Wow. Folks, this is a class at the University of Florida. We may win a sports championship here and there but we sure as heck don't win theological debates and we certainly wouldn't be considered anything less than a liberal school. This wasn't an article I copied from an, oh what are they calling them these days..."over-religious, Pharisaical blogging-coward." Nope. Straight from the mouth of Richard Jackson Harris in his book A Cognitive Psychology of Mass Communication. Even the psychologists are picking up on what most of American Christianity is letting happen right before their eyes. He did a FANTASTIC job of pointing out the danger and absurdity of the "emergent" philosophy of "let's just get them here in any way that we can!" There are consequences of that, and it usually results in the compromising of truth. Harris said it himself, the only way to get the needed audience (or as we have heard by leaders of these places referred to as "their numbers") is to offer what it is their audience wants...and well, let's be honest that usually isn't to hear they are a sinner and that without Christ they are storing up for themselves jars of wrath from a Holy and righteous God. The Gospel of Jesus Christ of the scriptures was a very offensive thing to the world 2007 years ago, so offensive in fact that they killed Him. So we must ask what Richard Harris asks in his book: have we sold our souls to the altar of pop culture in order to become friends with the world? Do you see the danger?

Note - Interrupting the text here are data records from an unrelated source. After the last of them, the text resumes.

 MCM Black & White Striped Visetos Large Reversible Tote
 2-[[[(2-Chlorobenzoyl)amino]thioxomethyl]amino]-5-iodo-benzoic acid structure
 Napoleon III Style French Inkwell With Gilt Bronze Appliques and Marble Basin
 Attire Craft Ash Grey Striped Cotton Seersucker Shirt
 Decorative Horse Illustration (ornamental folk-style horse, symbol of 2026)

Many people will read this and call me judgmental, but I'm seriously just calling it like it is. As the church becomes more and more like the world, its hard to point out which is which....and as Richard Harris proves right here, it doesn't take a John MacArthur or a R.C. Sproul to see it. America is doing an excellent job of letting pop culture infiltrate the very doors of the church (little "c"). I am not saying that in order for a church to grow and be big that they must be doing something wrong (nor do I think it is wrong for a church to meet in a rented out space), I am simply saying when the cases in which they do so involves conforming to this world, it is doing the very thing that God hates. But despite all of this, God has and will continue to preserve and protect His Church (big "C") in the midst of a world that insists on exchanging a truth for a lie, and for that I am very grateful.